▸ **Exercise description**:
Instruction for the entries that follow: retype exactly the lines from the line with "The image shows" to the line with "ESTATE 14KT WHITE", both included, and omit all others.

START Entries provided

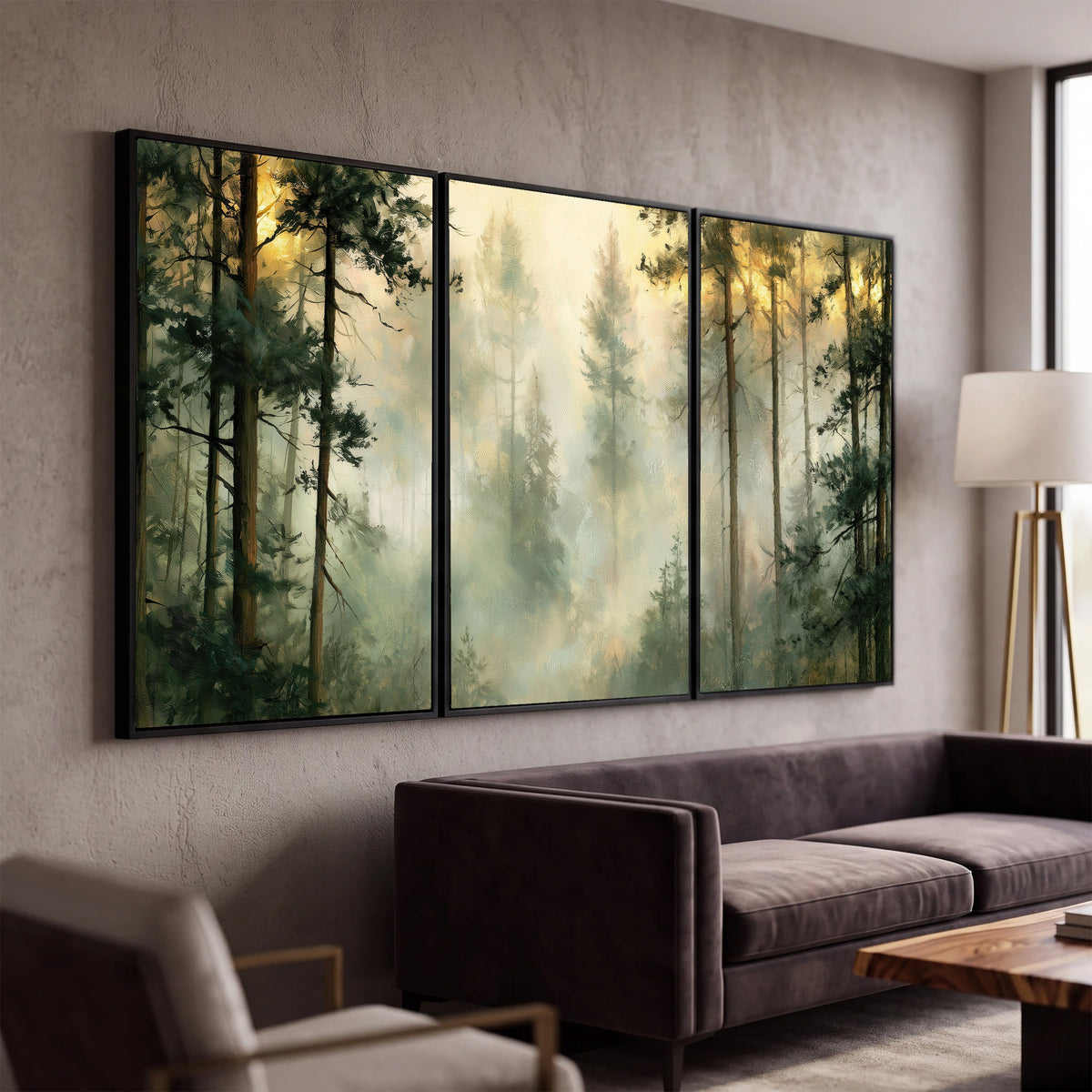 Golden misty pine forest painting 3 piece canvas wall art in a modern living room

END Entries provided
START Entries provided

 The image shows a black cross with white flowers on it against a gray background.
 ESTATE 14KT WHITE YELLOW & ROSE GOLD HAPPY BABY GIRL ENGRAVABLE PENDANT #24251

END Entries provided

▸ **Result of the task**:
 The image shows a black cross with white flowers on it against a gray background.
 ESTATE 14KT WHITE YELLOW & ROSE GOLD HAPPY BABY GIRL ENGRAVABLE PENDANT #24251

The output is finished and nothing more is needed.